Saved entries
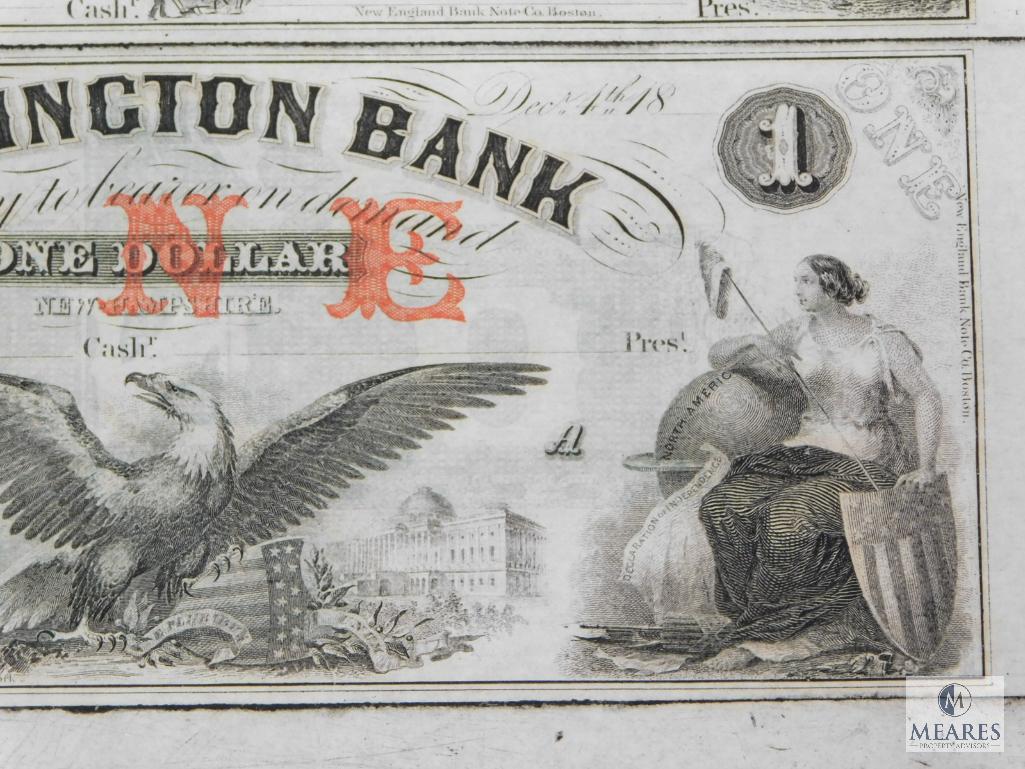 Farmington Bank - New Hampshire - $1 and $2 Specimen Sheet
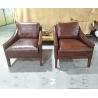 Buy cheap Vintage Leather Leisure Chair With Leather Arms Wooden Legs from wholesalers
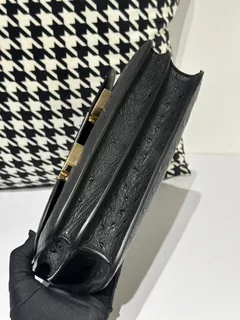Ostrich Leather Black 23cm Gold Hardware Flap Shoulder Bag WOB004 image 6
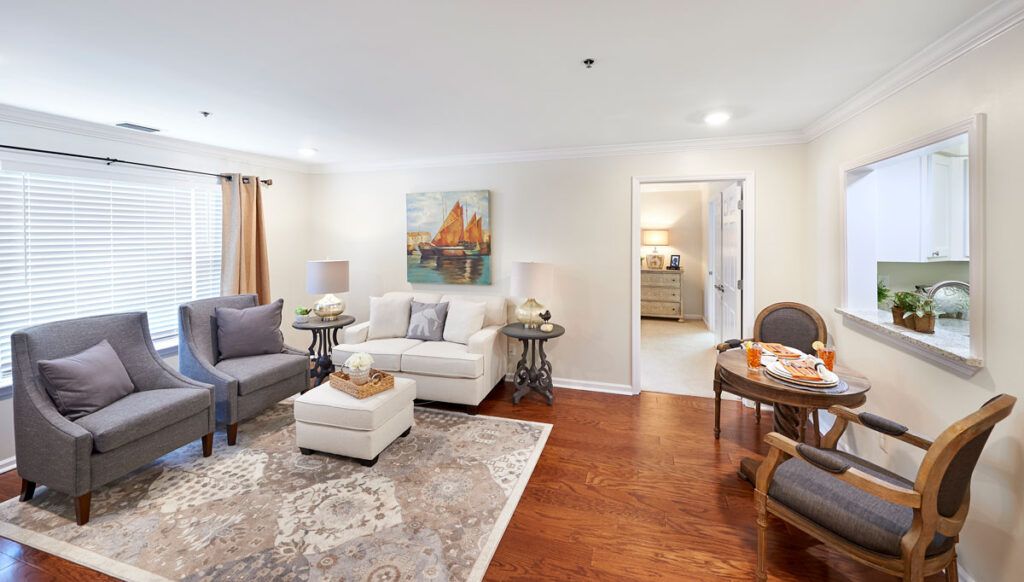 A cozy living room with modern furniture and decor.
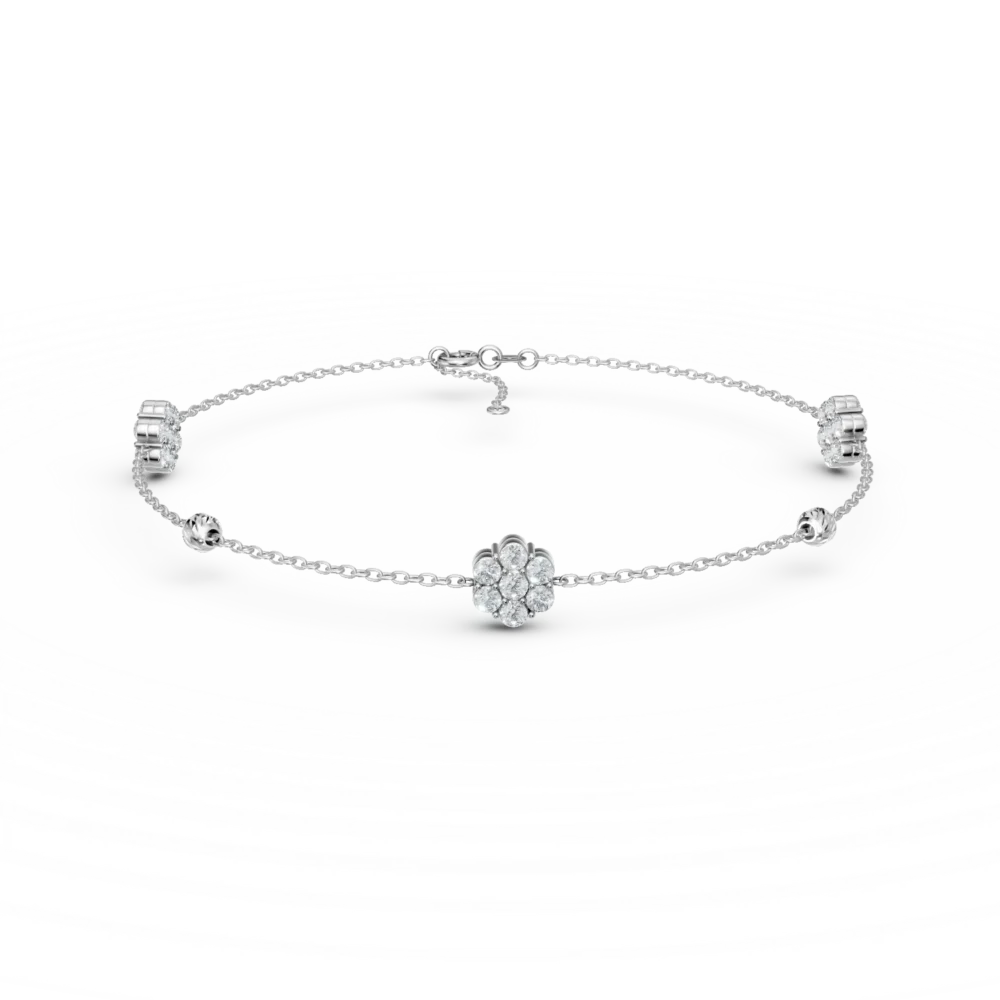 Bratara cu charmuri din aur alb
--
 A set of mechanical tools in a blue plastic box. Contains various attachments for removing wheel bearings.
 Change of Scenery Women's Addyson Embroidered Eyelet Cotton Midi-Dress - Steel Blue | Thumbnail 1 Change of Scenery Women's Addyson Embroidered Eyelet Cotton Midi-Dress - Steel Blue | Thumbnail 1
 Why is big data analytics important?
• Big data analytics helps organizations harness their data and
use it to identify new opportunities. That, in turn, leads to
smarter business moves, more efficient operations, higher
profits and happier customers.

◆ What this task involves ◆
Every line above that includes the string "analytics" should be counted, and the answer should be that number only.

◆ Exercise answer ◆
2